Virtually no-one in the group was wearing a PFD, which is NOT a violation. Normally I would gripe about that, but it was a very hot day, it was a drought summer and the river was so slow and shallow you could literally walk across its slate-shingled bed without getting wet above your knees. The state only requires that people over the age of 14 have a PFD with them. But apparently in the scramble to relaunch after the squall one of the 3 person parties swapped boats with a 2 person group, so one canoe when they reached the take out was down a vest and another had one extra. The poor guy that the fish cops targeted for this part of their wrath was from out of state to begin with, and I suspect they were picking on him because he had a ponytail and hippie tattoos.

When I arrived I could see that my boyfriend’s son, who does not tolerate fools well, was getting ready to scuffle with the rangers, who were acting like total a-holes and not allowing anyone to leave or even move the boats up the bank. I had to jump in to try to de-escalate the situation (having been a construction project manager for several decades I’m used to breaking up testosterone charged pissing matches.) The rangers tried to get into it with me too but I mustered my best ass-kissing routines to placate them and then moved on to explaining that they were all the guests of Doctor H
(my ex and a life-long member of the community who was highly respected – except by all the husbands whom he had cuckolded) and that this was a college reunion of working adults, not a random rabble of vagrants. I think they were just annoyed that the party had nothing with them that they could search for contraband.
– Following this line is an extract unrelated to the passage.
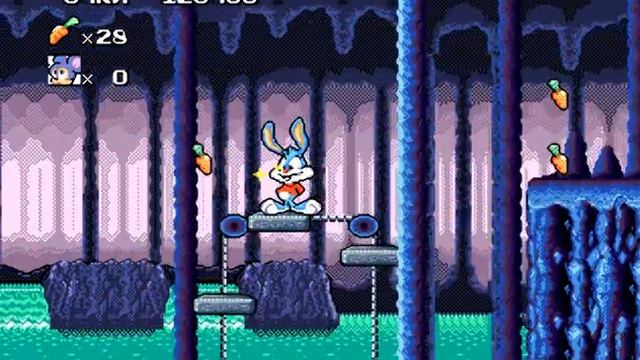 Прохождение Tiny Toon Adventures Buster's Hidden Treasure часть-3 [1-2] Внутри пещеры смотреть онлайн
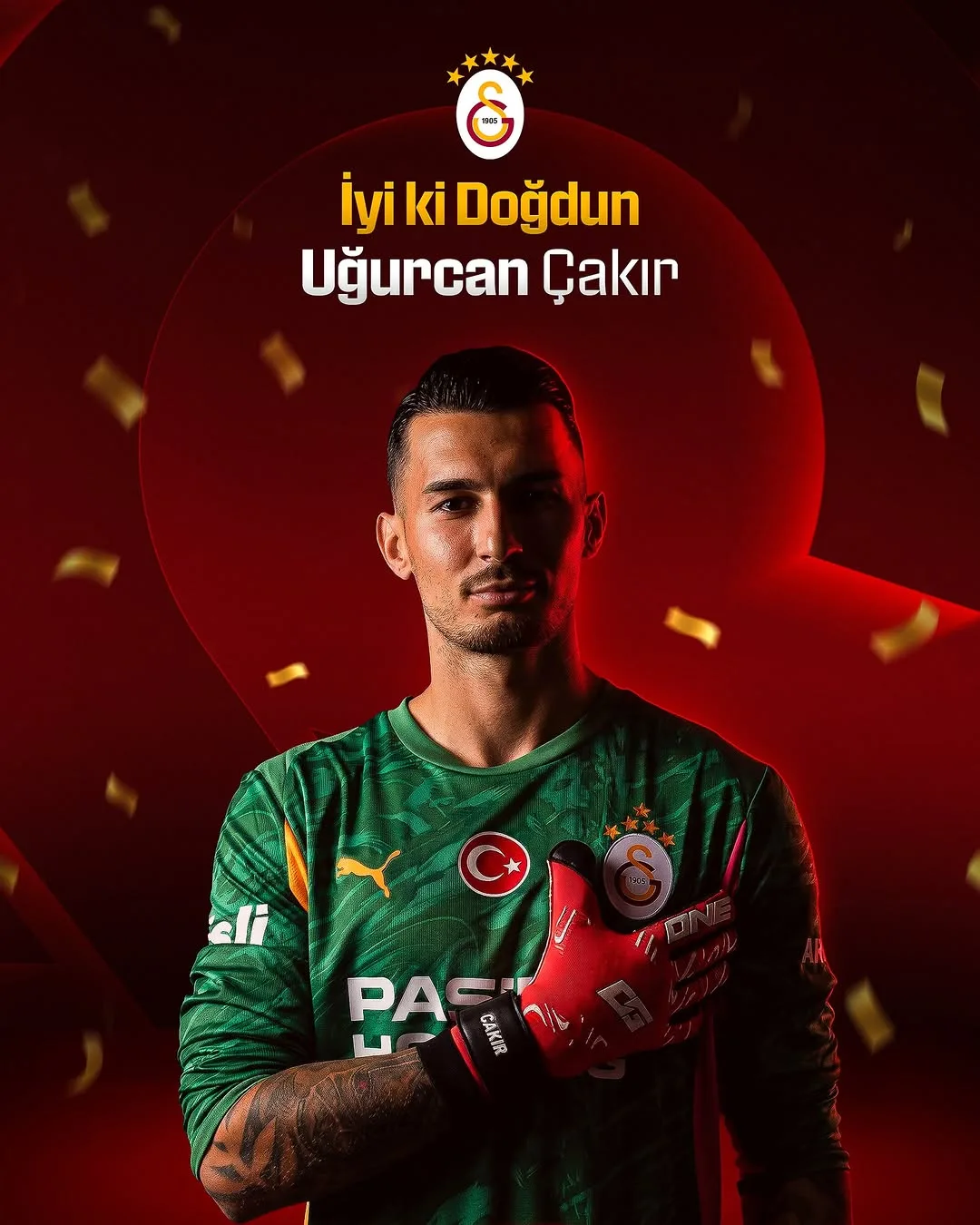 Galatasaray Spor Kulübü'nden Uğurcan Çakır'a Doğum Günü Mesajı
Fortunately I got the Fish and Gamestapo to back off before my ex arrived with the other trailer because I think he and his son would have really mixed it up with them and I did not wish to spend the rest of the weekend arranging bail. The rangers did issue a $75 ticket to the out-of-state guy they had targeted – even wanted us to pay cash on the spot but I pointed out that none of us had money with us (not true but I expected some graft). Offered to have them follow me back to the house at the launch site to get a check but as I expected they declined and grumpily told us to mail in the fine. We took up a collection ($3 each) to cover it.

This was on Memorial Day weekend and I could not help but think that the 90 minutes these two FGC bozos wasted harassing a bunch of benign and sober river floaters could have been better spent corralling the masses of DUI power boaters at several nearby dam empoundments. An $11 permit (it went up last year) is the least one can do to avoid conflicts, even if some of it does go to pay the salaries of a few jerks.

Basically the state of PA requires all paddlers to get some form of license from the state in order to paddle in their waters, it sound like the easiest option for you. I believe it’s only ~$35 so not that expensive compared to what you’ve already spent in boat(s), paddle(s), life jacket(s), miscellaneous gear, lessons, racks, straps and gas money going paddling.

Actually the state of PA does NOT require paddlers to buy a permit. They can “register” the boat the same way a small powered boat is required to be registered, which costs the same ($12 for one year or $22 for two years) but that option requires that you post big ugly letters and numbers on the hull. Having the “registration” allows access to all the same FGC sites that the launch permit (a pair of medium sized stickers) allows so it really makes little sense to bother with the optional registration, though some feel it protects the boat if someone steels it (hardly defensible since most people don’t ask for registration in used boats sales and the reg number is easily scraped off anyway.)

Out of state visitors can purchase a 24 hour day launch permit for $5 if they arrive at a state controlled shoreline.

I do with there was a discount for multiple boats. I am up to 8 in the fleet which is rather costly every two years.